*** Opening Exercise data ***

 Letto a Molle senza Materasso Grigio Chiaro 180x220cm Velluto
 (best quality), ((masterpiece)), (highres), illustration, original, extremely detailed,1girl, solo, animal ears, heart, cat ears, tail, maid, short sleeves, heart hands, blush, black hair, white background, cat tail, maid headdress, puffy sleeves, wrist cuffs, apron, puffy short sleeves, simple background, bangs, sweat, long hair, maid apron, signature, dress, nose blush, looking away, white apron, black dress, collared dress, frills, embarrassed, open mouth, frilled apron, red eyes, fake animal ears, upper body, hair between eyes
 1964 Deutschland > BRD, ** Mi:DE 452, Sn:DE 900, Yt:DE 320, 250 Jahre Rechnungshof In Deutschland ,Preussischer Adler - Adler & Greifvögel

*** Closing Exercise data ***
*** Opening Exercise data ***

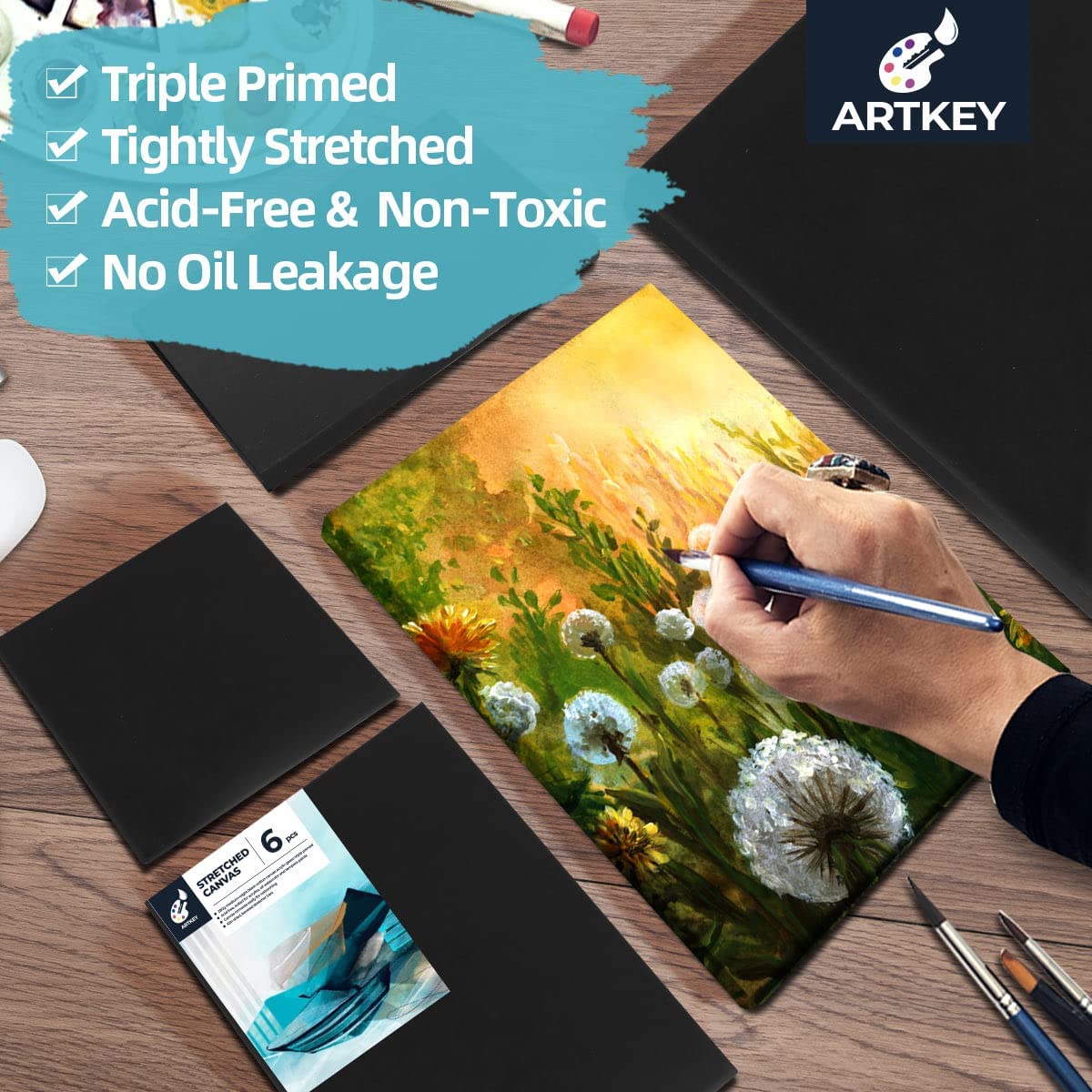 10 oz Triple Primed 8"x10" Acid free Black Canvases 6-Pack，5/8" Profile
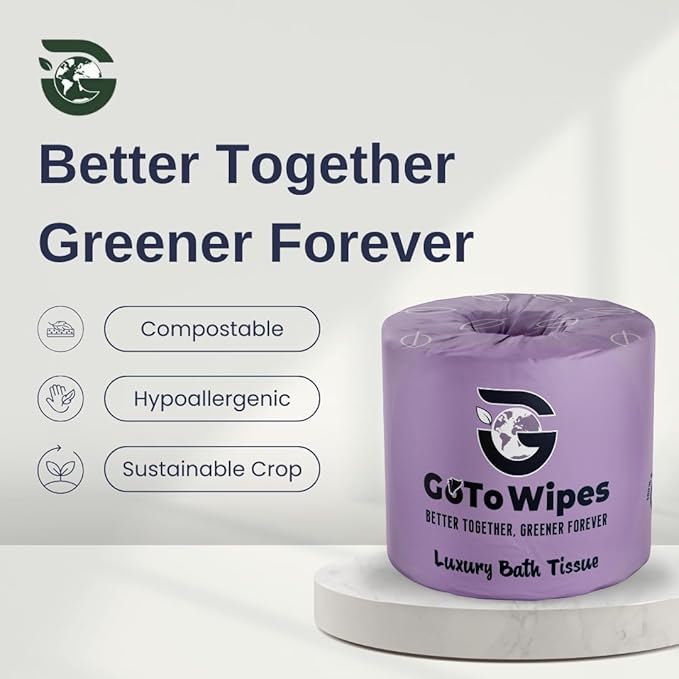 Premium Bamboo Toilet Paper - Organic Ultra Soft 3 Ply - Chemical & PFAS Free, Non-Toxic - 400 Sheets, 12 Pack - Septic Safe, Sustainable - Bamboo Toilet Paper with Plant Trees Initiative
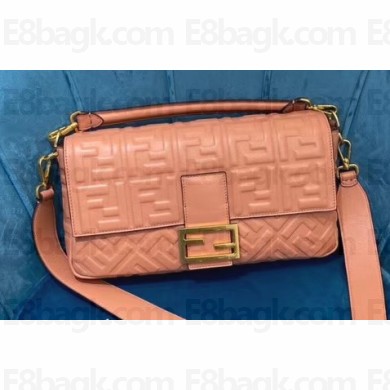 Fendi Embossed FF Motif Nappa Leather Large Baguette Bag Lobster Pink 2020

*** Closing Exercise data ***
*** Opening Exercise data ***

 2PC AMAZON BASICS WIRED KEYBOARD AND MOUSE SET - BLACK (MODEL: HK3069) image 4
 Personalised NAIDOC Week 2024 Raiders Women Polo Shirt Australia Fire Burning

*** Closing Exercise data ***

* _What the task requires_: Repeat, character for character, the lines of the material above from the line with "Letto a Molle" through the line with "1964 Deutschland >".

* _Written response_:
 Letto a Molle senza Materasso Grigio Chiaro 180x220cm Velluto
 (best quality), ((masterpiece)), (highres), illustration, original, extremely detailed,1girl, solo, animal ears, heart, cat ears, tail, maid, short sleeves, heart hands, blush, black hair, white background, cat tail, maid headdress, puffy sleeves, wrist cuffs, apron, puffy short sleeves, simple background, bangs, sweat, long hair, maid apron, signature, dress, nose blush, looking away, white apron, black dress, collared dress, frills, embarrassed, open mouth, frilled apron, red eyes, fake animal ears, upper body, hair between eyes
 1964 Deutschland > BRD, ** Mi:DE 452, Sn:DE 900, Yt:DE 320, 250 Jahre Rechnungshof In Deutschland ,Preussischer Adler - Adler & Greifvögel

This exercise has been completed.